Blazer-in-chief David Bernstein last week announced that when it comes to appointing a new coach the FA will not rush into anything – a huge relief to those of us left breathless by the traditional whirlwind pace of the organisation's decision-making.

Harry Redknapp is the people's choice, though not apparently in Portsmouth where some fans irrationally blame him for the club's current financial difficulties. What utter nonsense. The fact that every club Harry has ever been in charge of – Bournemouth, West Ham, Southampton, Pompey – has stumbled into a financial quagmire after he left is actually the surest indication there could possibly be of the canniness of his stewardship.

To suggest there is any connection between the fact that dire warnings of a possible downgrading of Britain's international credit rating were sounded in the same week Redknapp was made favourite to become England coach is ludicrous.
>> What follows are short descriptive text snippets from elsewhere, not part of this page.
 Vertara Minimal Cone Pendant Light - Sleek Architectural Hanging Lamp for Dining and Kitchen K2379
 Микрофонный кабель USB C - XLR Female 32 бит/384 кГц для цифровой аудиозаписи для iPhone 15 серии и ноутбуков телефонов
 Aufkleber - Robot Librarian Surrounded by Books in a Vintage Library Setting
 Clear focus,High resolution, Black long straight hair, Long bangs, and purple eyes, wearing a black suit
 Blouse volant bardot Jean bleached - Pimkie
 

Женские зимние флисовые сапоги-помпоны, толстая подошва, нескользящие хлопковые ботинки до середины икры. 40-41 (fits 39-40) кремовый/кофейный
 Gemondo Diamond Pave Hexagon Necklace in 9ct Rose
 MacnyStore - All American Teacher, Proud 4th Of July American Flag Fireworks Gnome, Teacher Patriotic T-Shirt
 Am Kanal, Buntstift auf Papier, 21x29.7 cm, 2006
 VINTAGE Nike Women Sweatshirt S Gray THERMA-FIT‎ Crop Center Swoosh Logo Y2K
So let's hear no more about it.

Amid all the Harry-clamour it was good to see Peter Shilton heartily endorsing another candidate for the England job: Martin O'Neill.
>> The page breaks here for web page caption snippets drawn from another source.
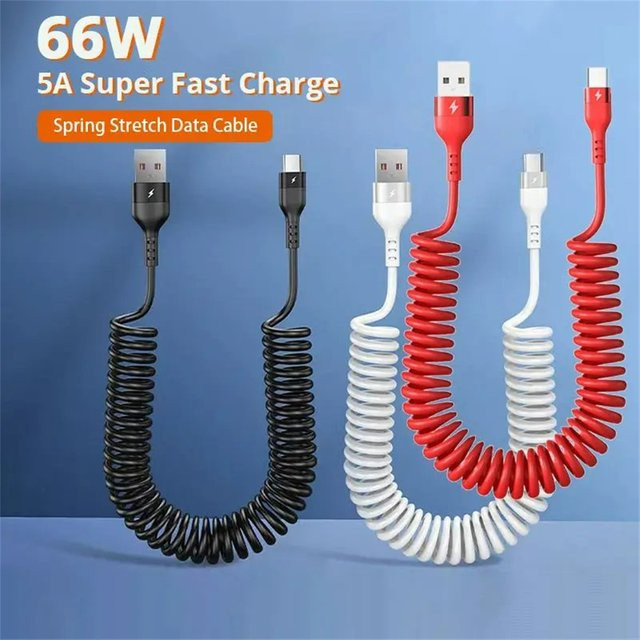USB Typ C Schnellladegerät mit 66W und versenkbarem Kabel für Huawei, Xiaomi und Redmi, PD Schnellladefunktion, Farben: Schwarz oder Weiß - Bild 1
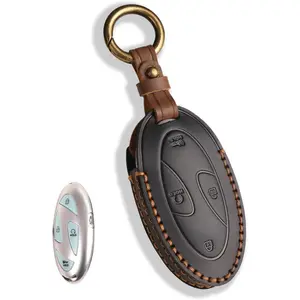 Leather Key Fob Cover for 2023 2024 2025 Hyundai Ioniq 6 Grandeur GN7, Soft Smart Remote Key fits for 2024 2025 Sonata Elantra Kona Santa Fe Tucson (Black, 5 Button)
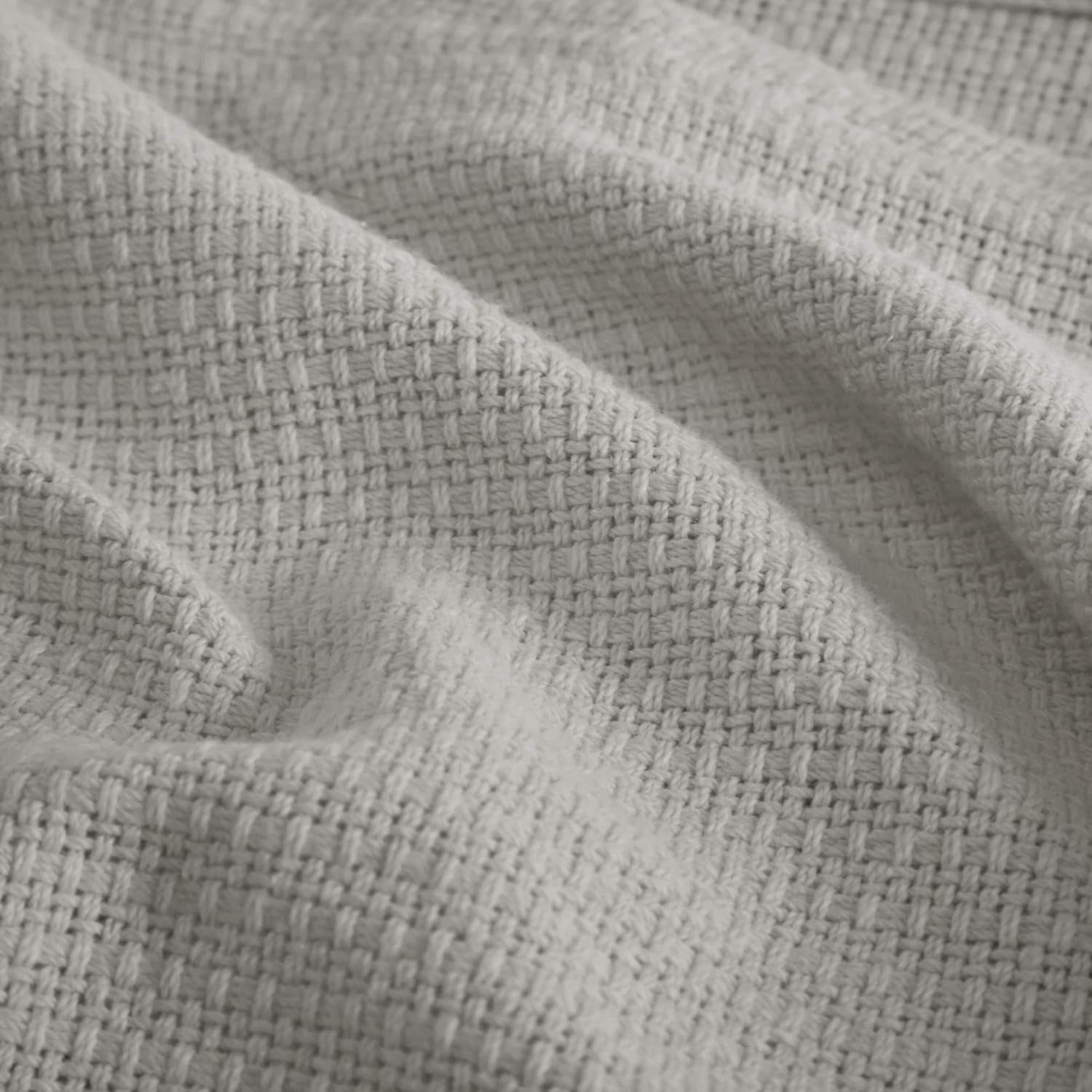 Manta doble de algodón gris de mimbre recién hilado de Madison Park Camas y mantas de Madison Park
The last time I can recall the bubble-permed former custodian championing anything with quite such enthusiasm was back in the days when he advertised the Bullworker in Shoot.

The Bullworker was a spring-loaded muscle-building contraption that in my experience was even more likely to jump out and smack you in the gob than the bullies it was supposed to help you hit back against.
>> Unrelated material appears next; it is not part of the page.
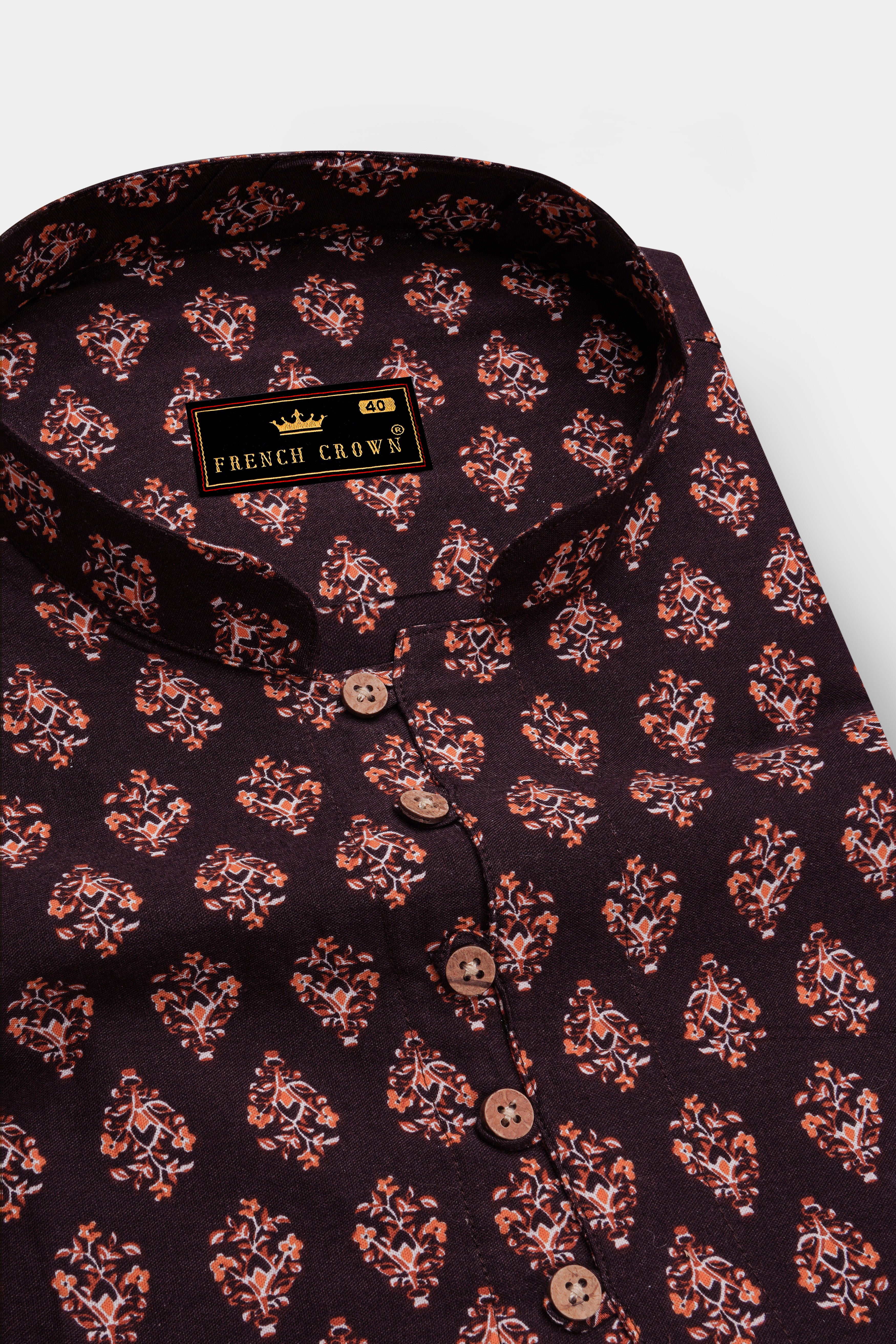 Matterhorn Brown Block Printed Premium Tencel Kurta Shirt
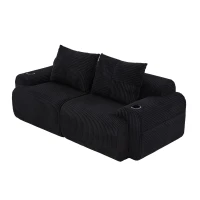 Modular 2-Seater Sofa with Built-In Cup Holder and Side Storage Pocket, Ribbed Corduroy Couch with High-Density Foam, 200L x 99W x 80H cm, Black(m-11)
Shilts's reason for getting behind O'Neill was that – as well as "galvanising the squad" – always important to prevent your midfield corroding after a shower – the Sunderland boss would "get us away from all this pass, pass, pass". The ex-goalie expressed disquiet about England's recent attempts to play possession football (What do you mean, you didn't notice?) and suggested it was high time the national side stopped going all continental and got back to something more greasily British.

Shilton would, I suspect, have been delighted with what I witnessed on Sunday, when I went with a friend to watch his 10-year-old son play in his first match. There is refreshingly little room for anything Latin in such games, and not just when it comes to parents yelling the names of body parts at the ref. Asked if they know what 4-4-2 is most primary-schoolers stare at you with narrowed eyes for several minutes, then, their faces suffused with the joy of accomplishment, yell: "I know. It's minus two, isn't it?"

Instead of complicated, patient buildup 10-year-olds stick by the medieval method of kicking the ball as far as possible down field and then all charging after it (all that is save for the goalkeepers, who stand apart and brooding, building up their paranoia). It is all more Rin Tin Tin than tiki-taka. As a result watching 10-year-olds play football is a bit like viewing one of those wildlife documentaries in which a herd of antelope are observed from the air swerving about in a homogeneous and apparently directionless glob.

Except, of course, that in the case of the football match the commentary is supplied not by Sir David Attenborough, but by the watching parents. This is a major difference indeed. Because while I can't say that I have seen Sir David's entire output, I think it is a reasonable bet that the veteran zoologist has never interrupted his breathy description of a big cat's hunting habits by pointing at an elderly gnu and bellowing: "Away, Leo, get up his arse, my son."

Both teams, I was pleased to note, were set upright by their coaches.

But then children are much lighter than adults and lifting them off the ground is comparatively easy.